The humiliation of the Confederate King: Why losing Georgia has consumed Donald Trump

Donald Trump is the first Republican candidate for president to lose Georgia in a general election in 28 years. Worse yet, Donald Trump is the first Republican to lose Georgia without a significant third party challenge since 1980, when Georgia voted for its home state Democrat, Jimmy Carter.

But the embarrassment of being the first Republican to lose a GOP stronghold state alone isn't why Donald Trump is trying to beg, borrow, and steal his way into overturning the election in Georgia, even to the point of committing a potential crime by trying to personally intimidate Georgia's top election official. Alternately threatening and groveling with Secretary of State Brad Raffensperger in a call which was attended by attorneys for both sides and recorded, Trump exhibited a special kind of desperation and embarrassment that is unique, even for Trump. Now that we know that Trump had made 18 attempts to have this call before it actually took place, it only confirms how extraordinarily and uniquely humiliated Donald Trump feels about his loss in Georgia.

To be sure, Trump is desperate to overturn the results of the election overall, as his disastrous losing record in federal and state courts to challenge the election results in multiple states has demonstrated. But Georgia is unique.

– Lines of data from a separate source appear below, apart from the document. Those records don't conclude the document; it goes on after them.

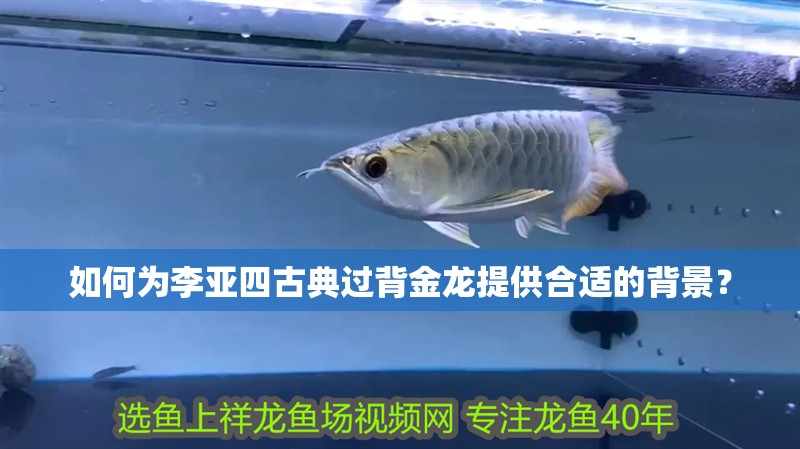 如何為李亞四古典過背金龍?zhí)峁┖线m的背景？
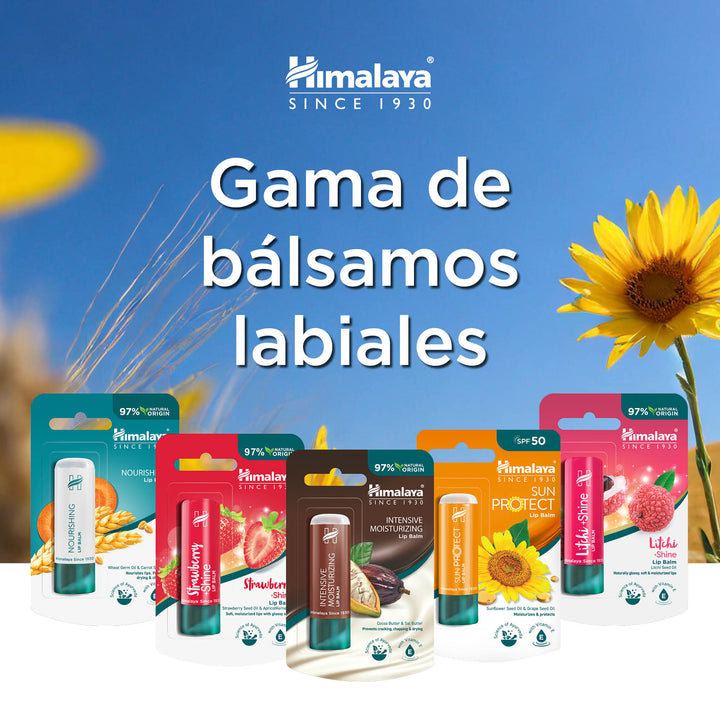 Himalaya Bálsamo labial Sun Protect (SPF 50), 4.5 g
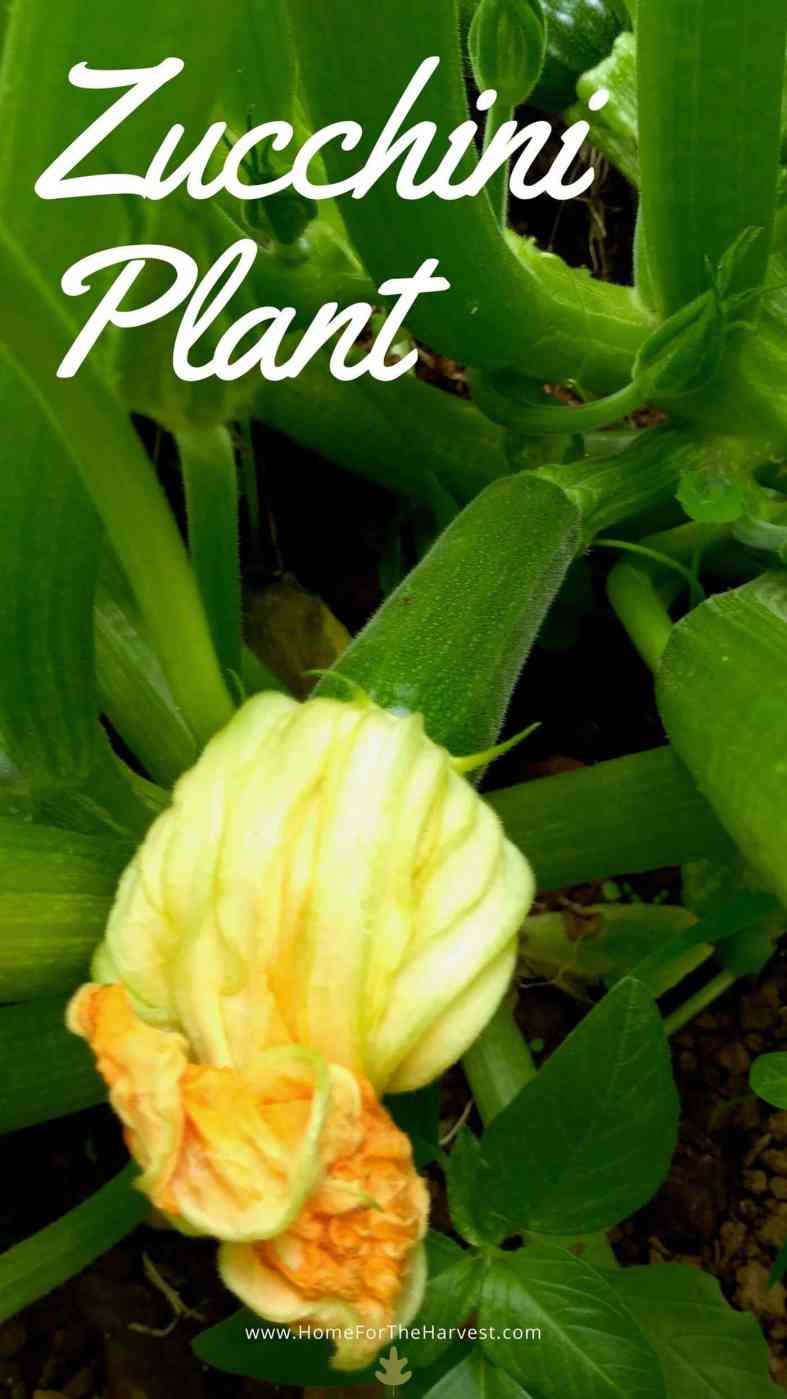 Zucchini Plant Care & Growing Guide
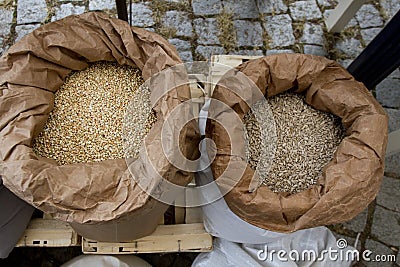 White sacks full with chickpeas, beans, buckwheat, millet, wheat, spelled, lentils, Einkorn wheat grains. Variety of beans, grains Stock Photo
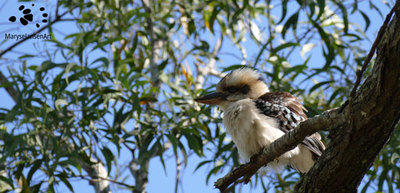 The Song of the Laughing Kookaburra
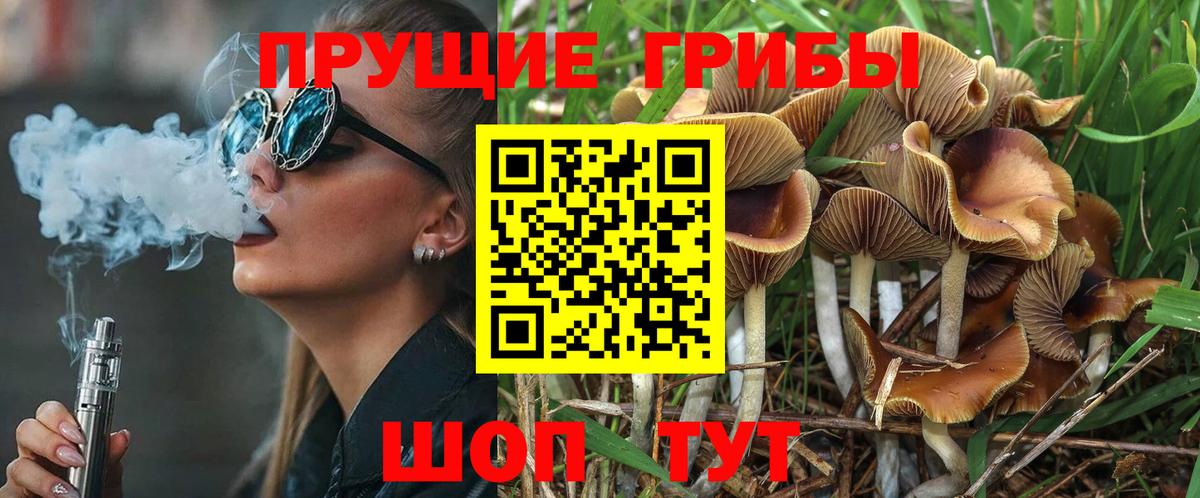 Галлюциногенные грибы MAGIC MUSHROOMS  Вход с VPN  Грозный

Georgia is the only territorially integral state of the former Confederacy that Donald Trump lost that had not already been trending Democratic in previous elections. While an Arizona Territory was also part of the Confederate States of America, that territory is divided today between two states, Arizona and New Mexico. Trump also lost Virginia, but he had lost it in 2016 as well, and Virginia has been trending blue for the better part of the last decade and a half. Virginia has a Democratic governor, a Democratic state legislature, and two Democratic United States Senators. It's not quite California, but it's far from the red bastion it once was.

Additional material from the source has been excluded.